3. Dans les magasins d’alimentation. Si vous vous promenez dans les rayons céréales et snacks d’un grand supermarché, vous êtes immédiatement soumis à l’influence d’un planogramme. Les planogrammes sont des modèles de placement de produits qui utilisent la science du marketing pour augmenter les ventes. Ils tirent parti de l’adage « le niveau des yeux est le niveau d’achat » en plaçant les marchandises les plus attrayantes au niveau des yeux. Pour un adulte, cela correspond à une hauteur d’environ 4 à 5 pieds. Pour les enfants, cette hauteur est plus proche de 3 pieds. Lorsque vous voyez des boîtes de céréales ou de bonbons aux couleurs vives avec des dessins d’animaux à un mètre de hauteur, c’est un moyen ciblé d’attirer les enfants. Les recherches montrent en outre que les personnages de dessins animés figurant sur les boîtes sont conçus pour établir un contact visuel avec les enfants, ce qui renforce le sentiment de confiance et d’attachement à la marque. Les publicités télévisées mettent en scène ces mêmes personnages, et le fait de les voir dans le magasin perpétue la boucle d’achat. Acheter de la nourriture est un élément essentiel de l’existence moderne, mais lorsqu’il s’agit de faire ses courses avec des enfants, il est important de garder à l’esprit que toutes les boîtes colorées et les dessins animés sont des tactiques de marketing conçues pour vendre ce qui est probablement un produit malsain. Le fait de s’en tenir aux aliments complets (généralement à la périphérie de l’épicerie) lorsqu’on fait ses courses avec des enfants (et en général) limite l’exposition à ces stimuli puissants et à leurs produits associés, généralement mauvais pour la santé.
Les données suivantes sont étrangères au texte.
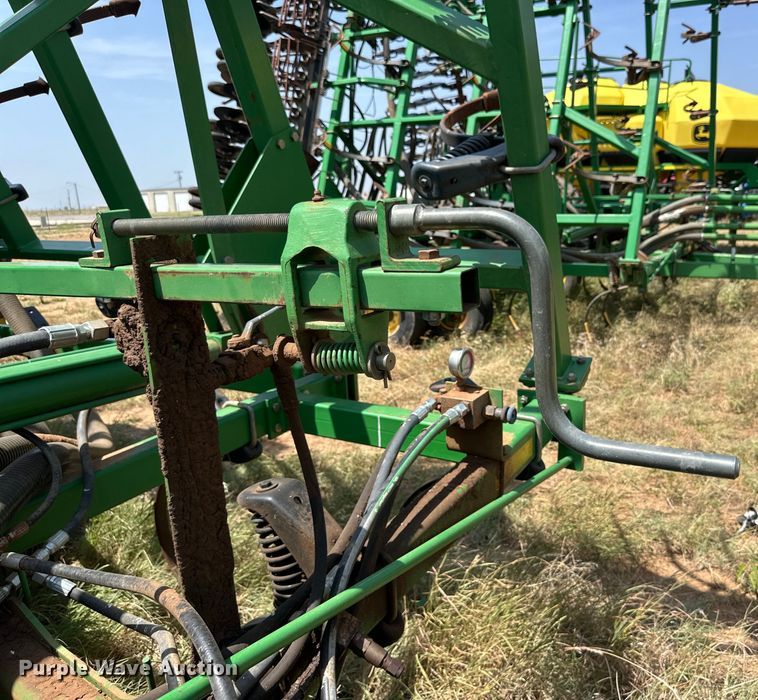 image for item DK6725 John Deere 730 air seeder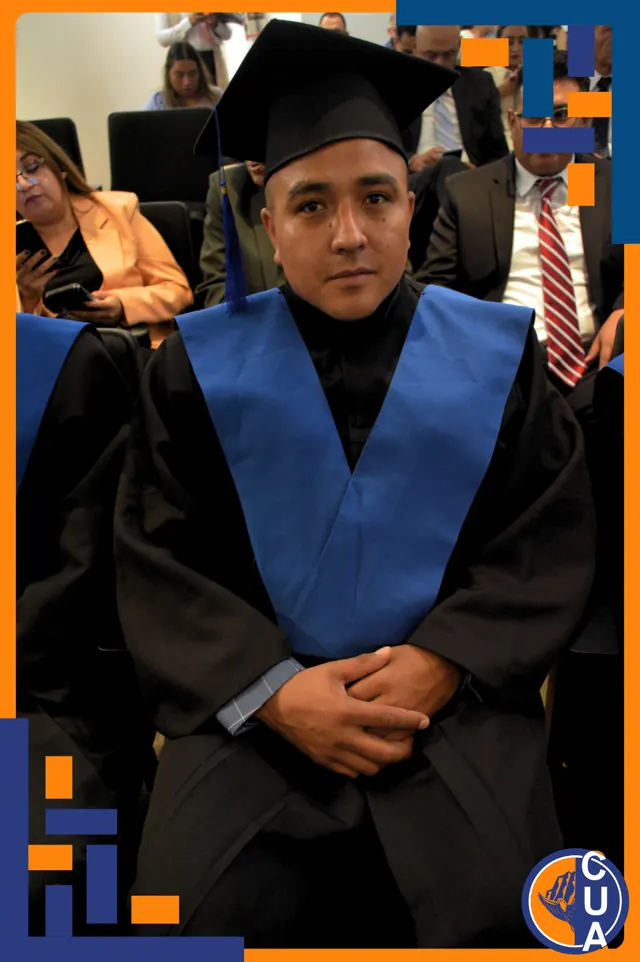 Retrato de un graduado sentado, con birrete negro, estola azul y las manos entrelazadas.
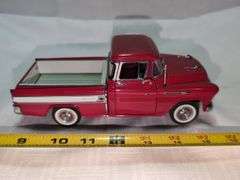 1967 CHEVROLET CAMEO DIECAST PICKUP TRUCK MODEL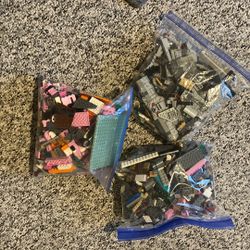 Legos Multiple Sets… and some randoms mixed in. 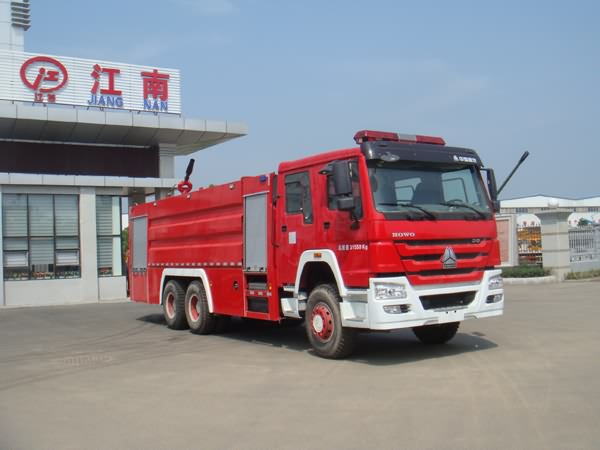 JDF5313GXFPM160型泡沫消防車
4. Sur d’autres écrans. Les technologies modernes ont détourné l’attention des enfants du monde réel pour la porter sur une myriade d’écrans. Outre la télévision, les enfants ont désormais accès à des tablettes, des téléphones portables et des ordinateurs, et peuvent emmener Internet partout où ils vont. Cette situation s’accompagne d’une exposition beaucoup plus importante à la publicité numérique. Les données d’enquête indiquent que les enfants américains passent deux fois plus de temps en ligne que les parents ne l’estiment. Dans ce monde numérique, on trouve des publicités allant des bannières publicitaires à des techniques nouvelles comme les advergames (des publicités de marques déguisées dans des jeux interactifs conçus pour être amusants pour les enfants). La participation aux médias sociaux dans des entreprises à fort trafic comme Facebook et Instagram expose les enfants aux dernières nouveautés en matière de publicité ciblée. Si les écrans ne posent pas de problème en soi, ils constituent des portails pour le marketing ciblé. Dans cette optique, les stratégies visant à limiter le temps d’écran non éducatif, ainsi que l’utilisation de bloqueurs de publicité et de jeux riches en publicité, sont des points de départ raisonnables.
En bref : Le monde moderne soumet les enfants à la publicité sous des formes que nous n’avons jamais rencontrées auparavant. Nous sommes confrontés à un environnement qui évolue rapidement et, sans un effort conscient pour comprendre les effets de la publicité sur des esprits impressionnables, nous courons le risque de permettre à des influences malsaines de jouer un rôle prépondérant dans leur développement. En devenant plus conscients de la manière dont ces stratagèmes marketing sont déployés et du moment où ils le sont, ainsi que des limites liées à l’âge pour résister à leurs effets, nous pouvons contribuer à atténuer le risque que représente la coercition commerciale pour les enfants.